→ **What the task asks**:
Copy each line of the material below that includes the string "набор".

→ **Data to examine**:
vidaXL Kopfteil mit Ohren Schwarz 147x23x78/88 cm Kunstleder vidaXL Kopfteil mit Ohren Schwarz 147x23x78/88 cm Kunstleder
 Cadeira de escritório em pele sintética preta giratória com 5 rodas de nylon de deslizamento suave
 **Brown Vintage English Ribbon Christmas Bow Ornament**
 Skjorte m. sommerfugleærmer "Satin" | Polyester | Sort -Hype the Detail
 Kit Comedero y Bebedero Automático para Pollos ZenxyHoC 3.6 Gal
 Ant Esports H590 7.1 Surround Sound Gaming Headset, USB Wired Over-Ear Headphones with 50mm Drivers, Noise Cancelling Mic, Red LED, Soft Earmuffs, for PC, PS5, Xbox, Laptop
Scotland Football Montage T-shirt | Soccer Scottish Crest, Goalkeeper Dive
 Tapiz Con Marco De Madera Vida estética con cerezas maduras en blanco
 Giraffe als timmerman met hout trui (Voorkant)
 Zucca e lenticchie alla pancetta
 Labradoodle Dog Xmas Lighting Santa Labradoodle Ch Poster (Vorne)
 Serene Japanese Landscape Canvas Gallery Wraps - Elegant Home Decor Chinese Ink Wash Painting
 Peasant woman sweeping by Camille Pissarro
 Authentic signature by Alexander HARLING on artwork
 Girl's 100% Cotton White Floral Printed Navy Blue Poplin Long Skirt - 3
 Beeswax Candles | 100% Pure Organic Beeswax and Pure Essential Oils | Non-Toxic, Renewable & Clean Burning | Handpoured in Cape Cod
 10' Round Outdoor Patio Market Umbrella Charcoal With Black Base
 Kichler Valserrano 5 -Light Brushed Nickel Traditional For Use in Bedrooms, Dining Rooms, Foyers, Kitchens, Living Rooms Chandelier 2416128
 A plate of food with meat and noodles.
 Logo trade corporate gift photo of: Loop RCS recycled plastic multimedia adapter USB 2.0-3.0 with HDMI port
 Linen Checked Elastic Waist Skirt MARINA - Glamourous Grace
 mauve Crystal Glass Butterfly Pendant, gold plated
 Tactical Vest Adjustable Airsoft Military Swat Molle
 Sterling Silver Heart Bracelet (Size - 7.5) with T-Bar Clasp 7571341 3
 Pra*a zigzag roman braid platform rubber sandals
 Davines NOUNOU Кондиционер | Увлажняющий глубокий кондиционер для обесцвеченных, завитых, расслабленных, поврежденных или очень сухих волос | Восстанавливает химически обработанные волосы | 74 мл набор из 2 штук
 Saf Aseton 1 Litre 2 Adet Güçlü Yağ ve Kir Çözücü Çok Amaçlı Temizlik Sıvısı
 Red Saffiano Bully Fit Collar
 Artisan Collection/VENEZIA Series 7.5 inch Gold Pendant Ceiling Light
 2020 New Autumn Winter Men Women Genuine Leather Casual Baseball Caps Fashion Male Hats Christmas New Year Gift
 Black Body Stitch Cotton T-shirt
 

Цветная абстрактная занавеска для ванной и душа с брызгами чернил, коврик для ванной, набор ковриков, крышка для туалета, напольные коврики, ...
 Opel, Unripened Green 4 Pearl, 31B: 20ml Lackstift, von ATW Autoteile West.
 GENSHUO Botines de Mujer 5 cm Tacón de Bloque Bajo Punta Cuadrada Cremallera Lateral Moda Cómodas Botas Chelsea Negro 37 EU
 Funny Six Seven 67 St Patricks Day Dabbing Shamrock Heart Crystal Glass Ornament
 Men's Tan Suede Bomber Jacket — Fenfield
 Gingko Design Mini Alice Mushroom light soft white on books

→ **Solution**:
 Davines NOUNOU Кондиционер | Увлажняющий глубокий кондиционер для обесцвеченных, завитых, расслабленных, поврежденных или очень сухих волос | Восстанавливает химически обработанные волосы | 74 мл набор из 2 штук
Цветная абстрактная занавеска для ванной и душа с брызгами чернил, коврик для ванной, набор ковриков, крышка для туалета, напольные коврики, ...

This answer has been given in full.